安倍氏が「杉原千畝」と「東日本大震災によるイスラエルの医療チーム」を引き合いに出しましたが、ネタニヤフ氏は「イスラエル独立をアジア諸国で最も早く認知した国」として日本への敬意を示しました。杉原千畝氏はイスラエルではほとんど知られていない人物なのだというのは知っていたでしょうか?日本国民のみを意識した発言であることは明らかです。しかしイスラエルにとっては、先に取り上げた一部の軍人や外交官によって支えられてきた対ユダヤ人方針に敬意を払っているのです。美談ではなく、国と国をかけた友好をネタニヤフ氏は求めているのです。
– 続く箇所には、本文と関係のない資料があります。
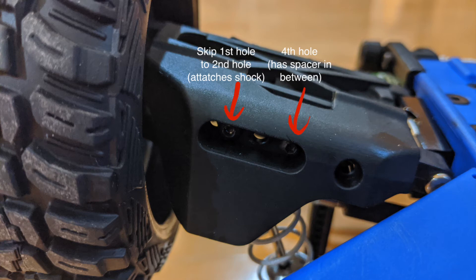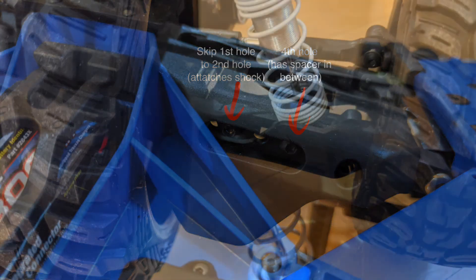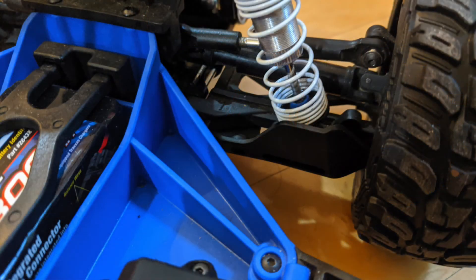One screw goes through hole 2 on the guard, the shock ball joint, and hole 3 on the arm. The other screw goes through hole 4 on the guard, the black plastic spacer, and hole 5 on the arm. After that, this is what it should look like.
一方、聖心を卒業した昭恵夫人は、自分のフェイスブックにサラ・ネタニヤフ夫人といっしょの写真を掲載しています。ご本人は意識していないと思いますが、聖書に触れたこととは無関係ではないと私は思います。

「今と昔の日本・イスラエル関係」への2件のフィードバック

  1. 杉原千畝氏をイスラエル人がどの程度知っているかは、日本人でもどの程度知っているか分からないのと同じかもしれません。
    しかしながら、イスラエル(ユダヤ人団体)から彼に勲章とか感謝状が贈られているのは、アンビリバボーでも紹介されていましたし、知っている人は知っているし、知らない人はやはり知らないと思います。
    むしろ河童計画は勿論、(私は『2014年ユダヤの大預言』久保有政著で初めて知ったハズですが)今となっては、満州で人体実験を実施した石井部隊の存在でさえ、知らない人の方が多いのではないでしょうか。
    これだけ折角調べられているのですから、杉原氏をイスラエルは知らないとする根拠までも、出された方がより正確だと思います。

  2. 一般の人々は知らないということです。もちろんヤドバシェムには正義の諸国民として、彼の木も植樹されていますが、彼のような人は他にも大勢いて、彼の功績は埋もれてしまっています。(ついでに話しますと、クリスチャンの間で有名な、コーリー・テン・ブームもイスラエル人には知られていないとの説明をヤドバシェムで受けました。)旅行のガイドの方が言われていたし、イスラエル在住の日本人もそう言っています。だから、安倍首相の発言をイスラエル人が聞いたとしても、「ああ、そうなんだ・・・でも知らなかったな?」という程度になってしまうだろう、ということです。あまり難しく考えないでください。